Configuring dbt-maxcompute

For MaxCompute-specific configuration, please refer to MaxCompute configs.

Connecting to MaxCompute with dbt-maxcompute

Check out the dbt profile configuration below for details.

~/.dbt/profiles.yml
dbt-maxcompute: # this needs to match the profile in your dbt_project.yml file
target: dev
outputs:
dev:
type: maxcompute
project: PROJECT_ID
schema: SCHEMA_NAME
endpoint: ENDPOINT
auth_type: access_key
access_key_id: ACCESS_KEY_ID
access_key_secret: ACCESS_KEY_SECRET

Currently it supports the following parameters:

FieldDescriptionRequired?Example
typeSpecifies the type of database connection; must be set to "maxcompute" for MaxCompute connections.Requiredmaxcompute
projectThe name of your MaxCompute project.Requireddbt-project
endpointThe endpoint URL for connecting to MaxCompute.Requiredhttp://service.cn-shanghai.maxcompute.aliyun.com/api
schemaThe namespace schema that the models will use in MaxCompute.Requireddefault
auth_typeAuthentication type for accessing MaxComputeRequiredaccess_key
access_key_idThe Access ID for authentication with MaxCompute.RequiredXXX
access_key_secretThe Access Key for authentication with MaxCompute.RequiredXXX

See the section below for other authentication type.
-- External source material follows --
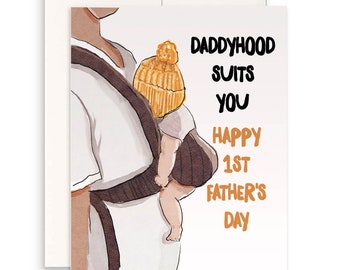 1e vaderdagkaarten van vrouw tot man - Daddyhood Suites You - Happy First Fathers Day Gift voor de eerste keer papa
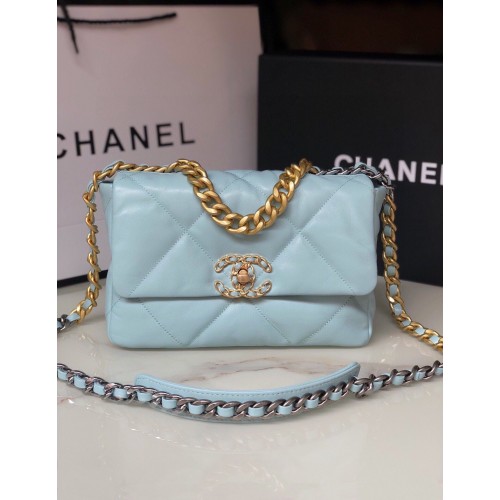 Geantă CHANEL Original Lambskin 19 Flap AS1160 AS1161 albastru deschis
Authentication Configuration

dbt-maxcompute is a dbt adapter that allows you to seamlessly integrate with Alibaba Cloud's MaxCompute service, enabling you to build and manage your data transformations using dbt. To ensure secure and flexible access to MaxCompute, dbt-maxcompute leverages the credentials-python library, which provides comprehensive support for various authentication methods supported by Alibaba Cloud.

With dbt-maxcompute, you can utilize all the authentication mechanisms provided by credentials-python, ensuring that your credentials are managed securely and efficiently. Whether you're using Access Keys, STS Tokens, RAM Roles, or other advanced authentication methods, dbt-maxcompute has got you covered.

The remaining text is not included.